As the University of North Carolina sport scandal begins to take off, pay attention to the details. People use phrases like sports culture all the time (Penn State, we are told, has to confront its sports culture) but until you look at things like the background of the trustees at Auburn or the background of the people who run the academic support program for athletes at North Carolina, you don’t grasp the reality.
UD attended a university sports conference a couple of years ago, here in Washington, where a high-ranking administrator at a local university demanded to know why coaches and coaching staff were not professors. They are teaching, after all; and erasing the line between coaches and professors will heal the rift between athletics and academics, making the university one big happy family.
If it seems a grotesque idea, it shouldn’t. It’s already being implemented, in a way, at a lot of universities, where the president is little more than a sports nut with impressive corporate or political ties, several of the trustees played football or basketball for the school, and plenty of professors sit on sports-oversight committees and don’t do anything other than enjoy the free tickets and other perks they get to make sure they don’t do anything.
“The athletic enterprise has grown so large and so remunerative that it may not be appropriate at universities anymore,” said Lew Margolis, a [University of North Carolina] public health professor.

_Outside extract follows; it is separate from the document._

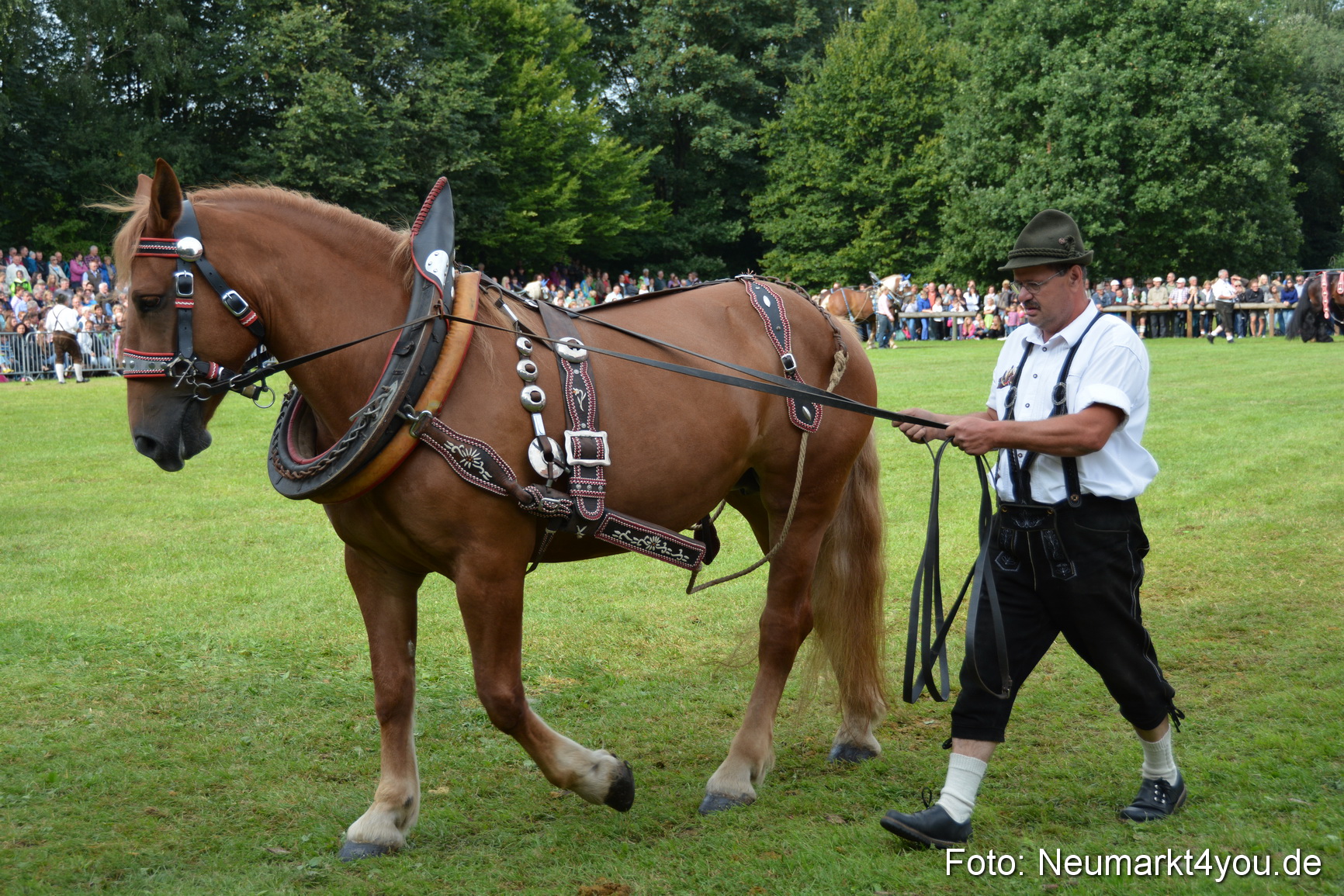 Pferdeschau JURA Volksfest 180814 0177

Yes, it has grown into the university, to the point where we’re supposed to shed tears because Penn State and its surrounding towns and villages will go bankrupt because of football sanctions. Penn State created and sustained a happy seamless valley where children got fucked in its showers by one of its coaches and now just because of that you’re going to remove the very basis of our economy and indeed of our valley life itself?
Take it out of universities. It’s of course fully appropriate for the larger culture, which laps up the much viler world of professional football. But it is really rather inappropriate at universities.
July 30th, 2012 at 10:48AM
[…] blog can be seen as a tutorial on the subject, but let’s go with our most recent stuff) is here. Joy Renner, [UNC] athletics committee chairwoman and associate professor and director in the […]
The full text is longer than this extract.